Totgeglaubte leben länger
Es ist, als atme ein Totgeglaubter plötzlich tief ein, als lasse er frischen Sauerstoff durch die Lungen strömen und spränge elegant aus dem Bett, auf dem er viele Jahre gelegen hat. So in etwa geht es der Tour de France dieser Tage. Der Dauerpatient ist auf dem Weg der Besserung. Das hat gleich mehrere Gründe. Der Wichtigste: Es ist spannend. Kurz vor dem Finale am Sonntag in Paris ist offen, wer dort als Gewinner vor dem Arc de Triomphe stehen wird. In den vergangenen Jahren hatte immer ein einzelnes Team dominiert und früh für klare Verhältnisse gesorgt.
Der Stimmung tut es zudem gut, dass mit Julian Alaphilippe und Thibaut Pinot gleich zwei Franzosen ganz vorne mitmischen. Ist ja schon ein paar Jahre her, dass Bernard Hinault 1985 in Gelb nach Paris radelte. Es folgten dunkle Jahre, die ihren Tiefpunkt in der Ära Lance Armstrong fanden. Dessen sieben Siege wurden längst gestrichen, der US-Amerikaner war bis zu den Ohren vollgepumpt mit illegalen Mittelchen.
Inzwischen hat sich auch diesbezüglich die Lage etwas entspannt. Von dem ganz harten Stoff sind die Profis abgekommen. Der Radsport hat im Zuge zahlreicher Skandale die Zahl der Kontrollen stark erhöht. Momentan scheint Doping deshalb eher in Mikrodosen angesagt, was den Nachweis erheblich erschwert. Betrug mit Eigenblut ist ein Klassiker, der offenbar ein Comeback erlebt und ebenfalls extrem schwer nachzuweisen ist. Dazu kommt das Gerücht, ein Mittel namens Aicar sei im Einsatz. Und, Sie erraten es, auch dieses ist schwer nachweisbar.
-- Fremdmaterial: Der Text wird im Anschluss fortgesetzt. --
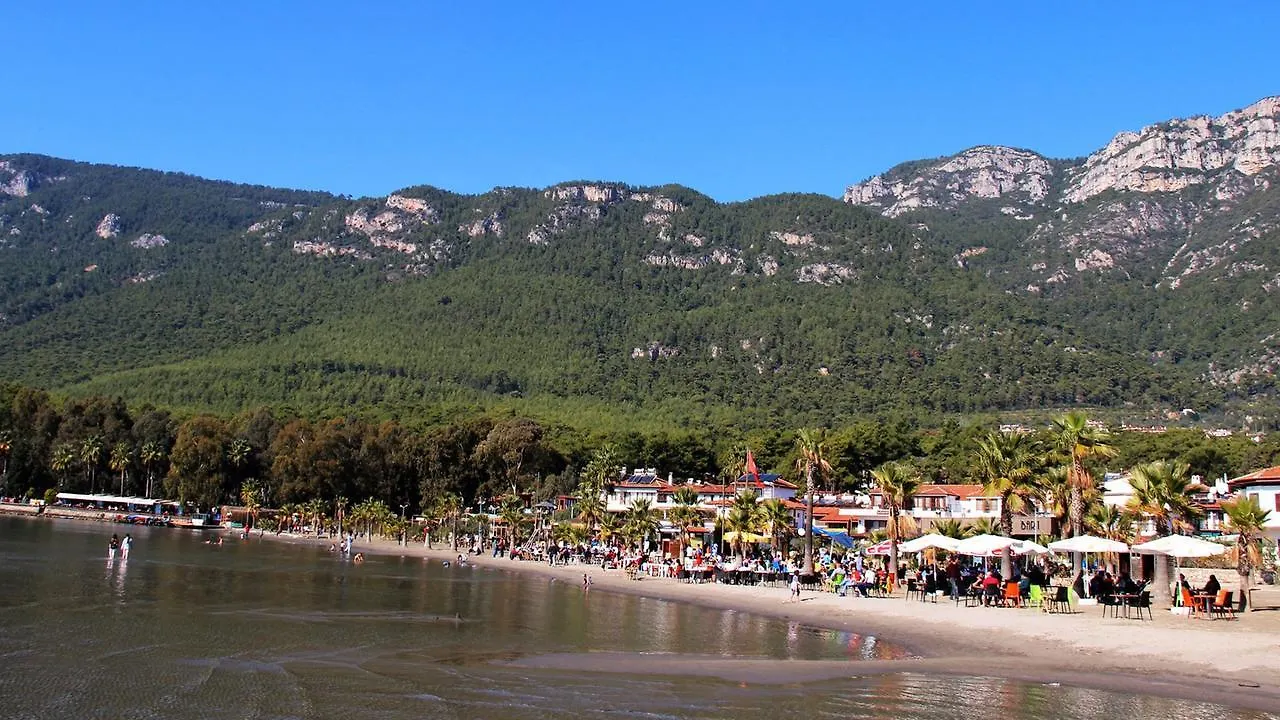 Seaside Suites Akyaka Akyaka  Türkei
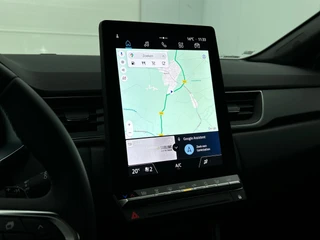 Renault Captur E-Tech full hybrid 145PK techno  | CAMERA | NAVI | CARPLAY / 6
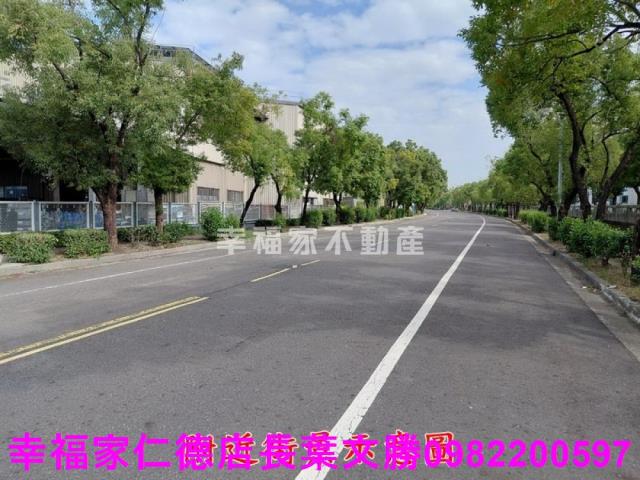 台南官田廠房-10
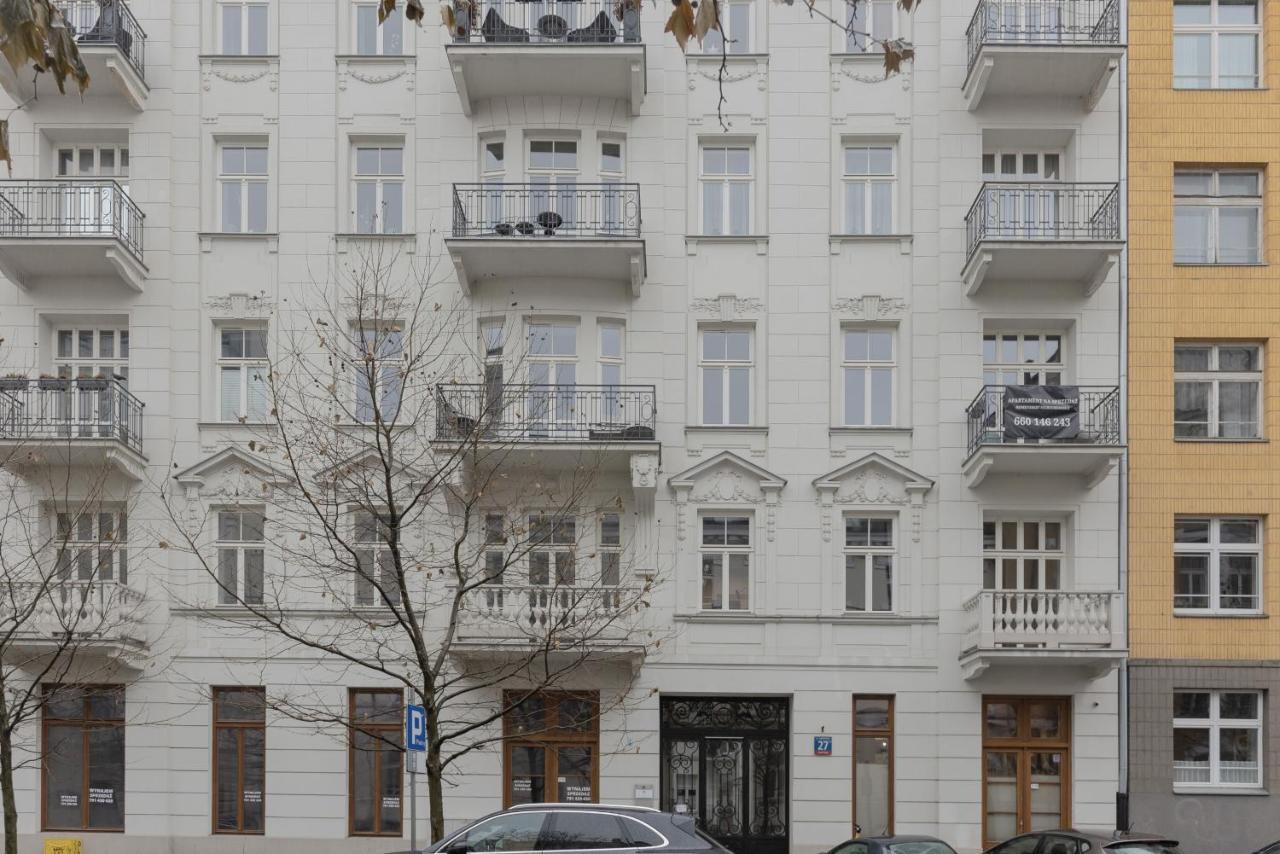Praga Duplex Premium By Renters Prestige Apartament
All das sind Vermutungen. Einige werden sich in ein paar Jahren bei Nachtests mit verbesserten Methoden zu Fakten verdicken. Noch aber dürfen sich die Anhänger des gepflegten Pedalsports an die Tatsache klammern, dass es den letzten positiven Dopingtest während einer Tour im Jahr 2015 gab. Seitdem? Alles sauber. Natürlich. Die Unschuldsvermutung gilt auch für die neue deutsche TourHoffnung Emanuel Buchmann. Er gehört zu der sechsköpfigen Spitzengruppe, die den Gesamtsieg unter sich ausmacht. Ab dem heutigen Donnerstag geht das Peloton für drei Tage in die Alpen. Dort wird zu sehen sein, warum es die schwerste Tour seit 15 Jahren ist, wie Streckenplaner Thierry Gouvenou sagt. Gut möglich, dass erst am Samstag und am letzten Berg eine Entscheidung fällt. Es wäre das, was man dieser faszinierenden Sportart wünschen möchte. Auf dem Sterbebett hat sie lange genug gelegen.